The float­ing cen­tre con­sole con­tains a lower stor­age floor that, un­like many, is ac­tu­ally easy to ac­cess, and there’s an­other big bin un­der the cargo floor. The cabin is also ex­tremely quiet, thanks to a whack of seals and in­su­la­tion, plus an acous­tic wind­shield.

Un­like the su­per-smooth look some au­tomak­ers pre­fer, the RDX is clut­tered with but­tons. Hear me out on this: It’s a good thing. The cli­mate con­trols, seat heaters and stereo vol­ume, all things you fre­quently ad­just while driv­ing, are not hid­den in lay­ers of menus and screens, but right up front. Tap ’em and go. Even the Plat­inum Elite’s head-up dis­play has a but­ton to ad­just the height, as all of them should. The voice ac­ti­va­tion now un­der­stands nat­u­ral speech, rather than a list of pre-set com­mands, and does a great job of it.

Still, not ev­ery­thing is per­fect. In place of a gearshift lever, you get but­tons for Park and Drive, and a tog­gle for Re­verse. Rather than sim­ple and intuitive pull-into-gear, you have to look down to find the right one.

The tablet-style in­fo­tain­ment screen is perched atop the dash. It can’t be touch­screen be­cause it’s too far to reach, and so Acura has a new sys­tem it calls True Touch­pad In­ter­face.
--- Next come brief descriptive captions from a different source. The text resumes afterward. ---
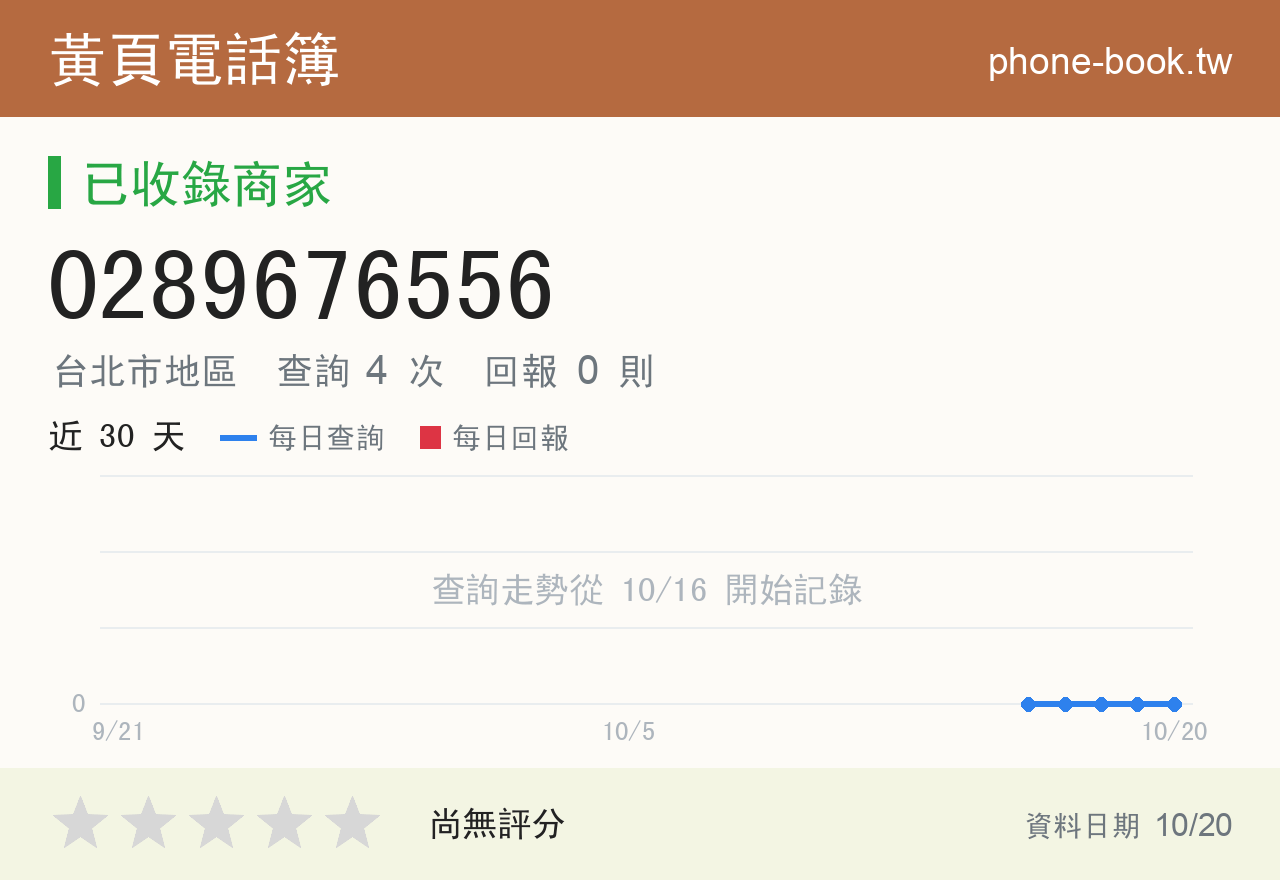 0289676556 評分卡：查詢 4 次、網友回報 0 則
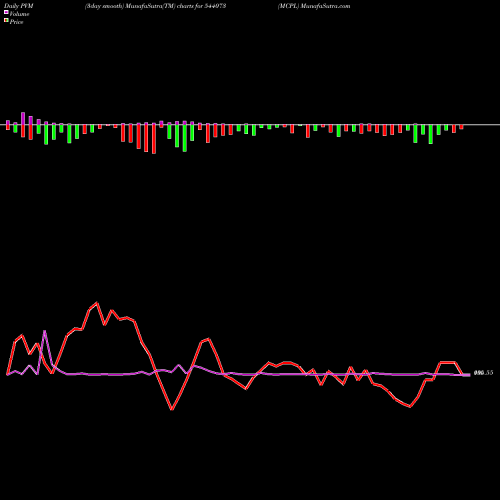 PVM Price Volume Measure charts MCPL 544073 share BSE Stock Exchange 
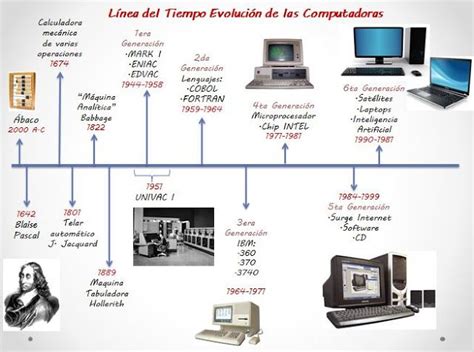 ComputaciÓn Aplicada A La RadiologÍa Linea Del Tiempo Linea Del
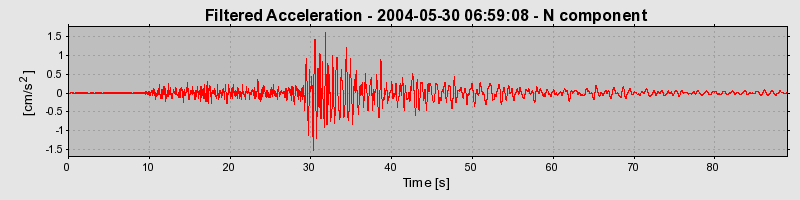 Plot-20160716-1578-bni9uj-0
There’s a pad on the con­sole where you slide your fin­ger, tap the pad, or trace let­ters or num­bers to work the sys­tem. “True touch” means the pad is aligned with the screen: if an icon’s in the screen’s up­per left corner, touch­ing the pad’s up­per left ac­ti­vates it. It’s far bet­ter than Lexus’ Re­mote Touch sys­tem, which re­quires you to move a cur­sor around the screen (great fun on a bumpy road). But even with Acura’s po­si­tions aligned on screen and pad, it still feels dis­con­nected. If one must find things be­hind the glass, touch­ing it is still the most intuitive way.

For the first time, the RDX comes with 4G LTE Wi-Fi in all trim lev­els, as well as Ap­ple CarPlay. An­droid Auto will be added as soon as Google sorts through some red tape on it, and it’ll be an over-theair retro­fit when avail­able.

Acura says the RDX is the first model de­signed and en­gi­neered in its new cor­po­rate di­rec­tion, and judg­ing by my drive, it’s go­ing the right way. It’s well-done, in­tel­li­gently priced, and a great driver. It lost its bear­ings for a while, but it looks like Acura’s now back on track.